Materials provided:
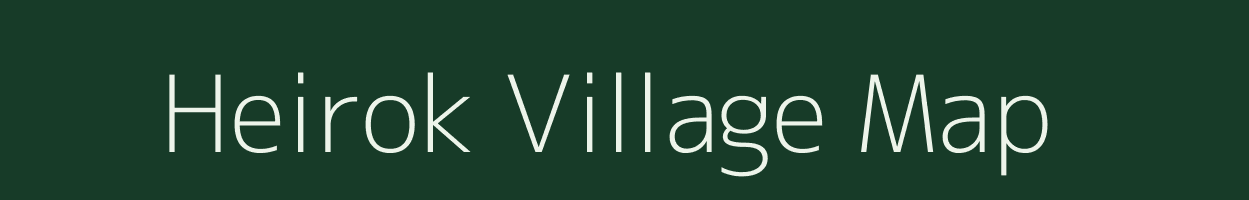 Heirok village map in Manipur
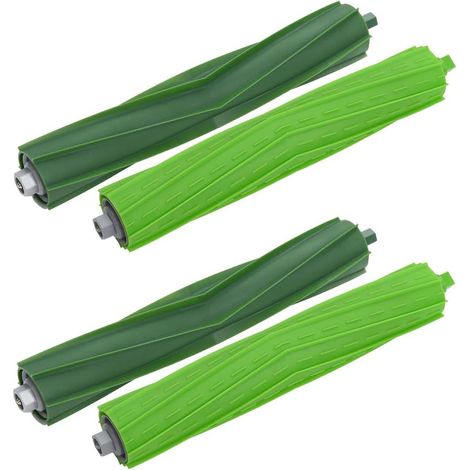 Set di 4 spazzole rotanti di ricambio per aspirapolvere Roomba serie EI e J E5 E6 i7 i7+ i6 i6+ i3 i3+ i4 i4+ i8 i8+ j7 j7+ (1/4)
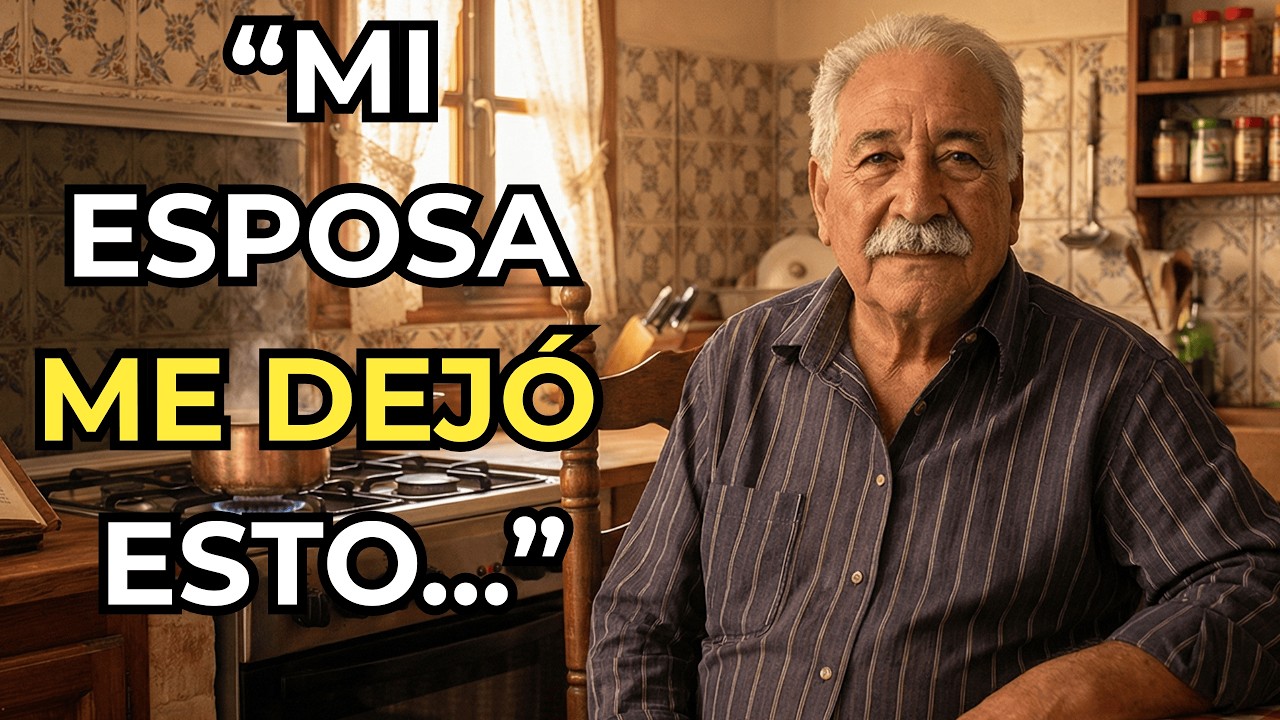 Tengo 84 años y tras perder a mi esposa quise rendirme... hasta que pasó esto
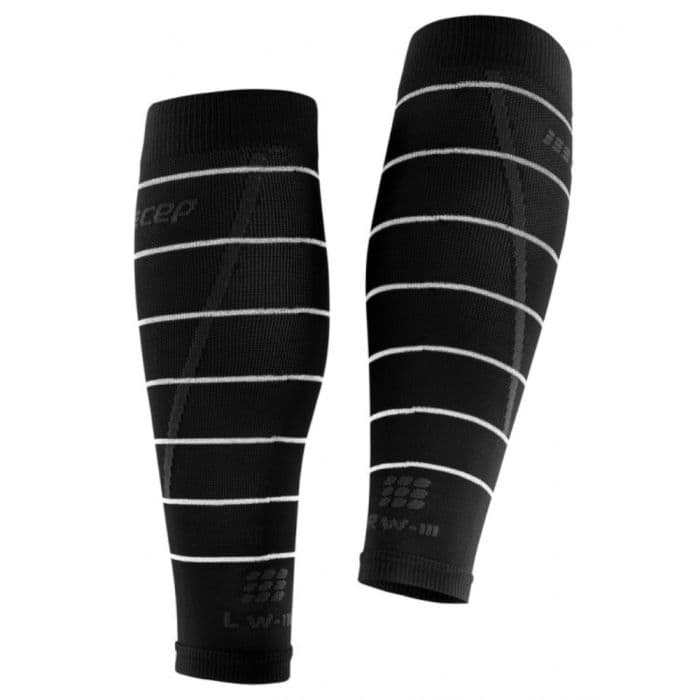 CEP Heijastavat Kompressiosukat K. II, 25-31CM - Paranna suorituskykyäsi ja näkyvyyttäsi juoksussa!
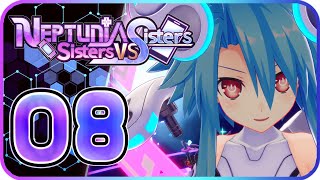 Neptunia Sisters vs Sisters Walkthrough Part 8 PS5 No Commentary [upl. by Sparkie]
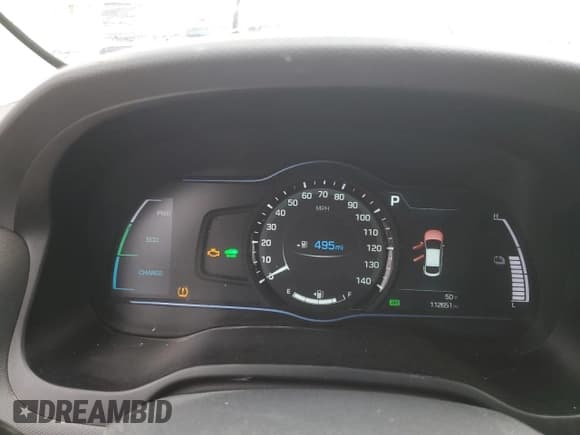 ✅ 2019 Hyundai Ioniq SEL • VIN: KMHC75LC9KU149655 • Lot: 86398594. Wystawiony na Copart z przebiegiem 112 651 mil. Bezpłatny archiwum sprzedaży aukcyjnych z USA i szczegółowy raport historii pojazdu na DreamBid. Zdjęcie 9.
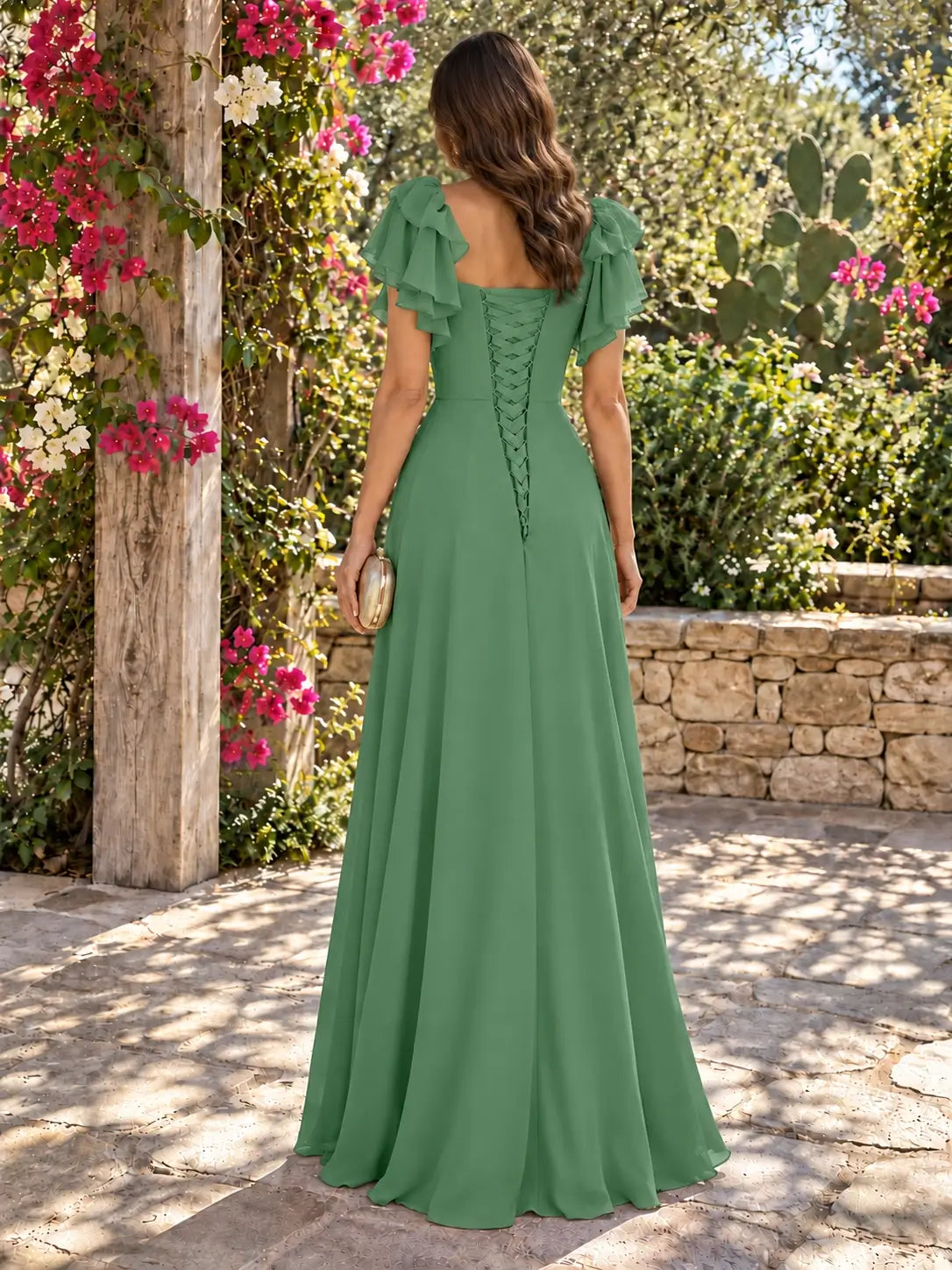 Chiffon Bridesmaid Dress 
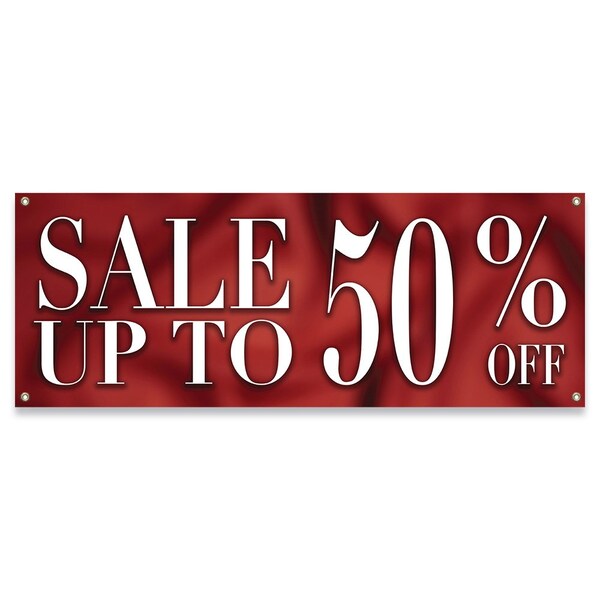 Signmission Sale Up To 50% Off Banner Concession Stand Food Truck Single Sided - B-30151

Task item:
Where the material above includes pictures, omit them and retype everything else exactly.

Response box:
 Heirok village map in Manipur
 Set di 4 spazzole rotanti di ricambio per aspirapolvere Roomba serie EI e J E5 E6 i7 i7+ i6 i6+ i3 i3+ i4 i4+ i8 i8+ j7 j7+ (1/4)
 Tengo 84 años y tras perder a mi esposa quise rendirme... hasta que pasó esto
 CEP Heijastavat Kompressiosukat K. II, 25-31CM - Paranna suorituskykyäsi ja näkyvyyttäsi juoksussa!
 Neptunia Sisters vs Sisters Walkthrough Part 8 PS5 No Commentary [upl. by Sparkie]
 ✅ 2019 Hyundai Ioniq SEL • VIN: KMHC75LC9KU149655 • Lot: 86398594. Wystawiony na Copart z przebiegiem 112 651 mil. Bezpłatny archiwum sprzedaży aukcyjnych z USA i szczegółowy raport historii pojazdu na DreamBid. Zdjęcie 9.
 Chiffon Bridesmaid Dress 
 Signmission Sale Up To 50% Off Banner Concession Stand Food Truck Single Sided - B-30151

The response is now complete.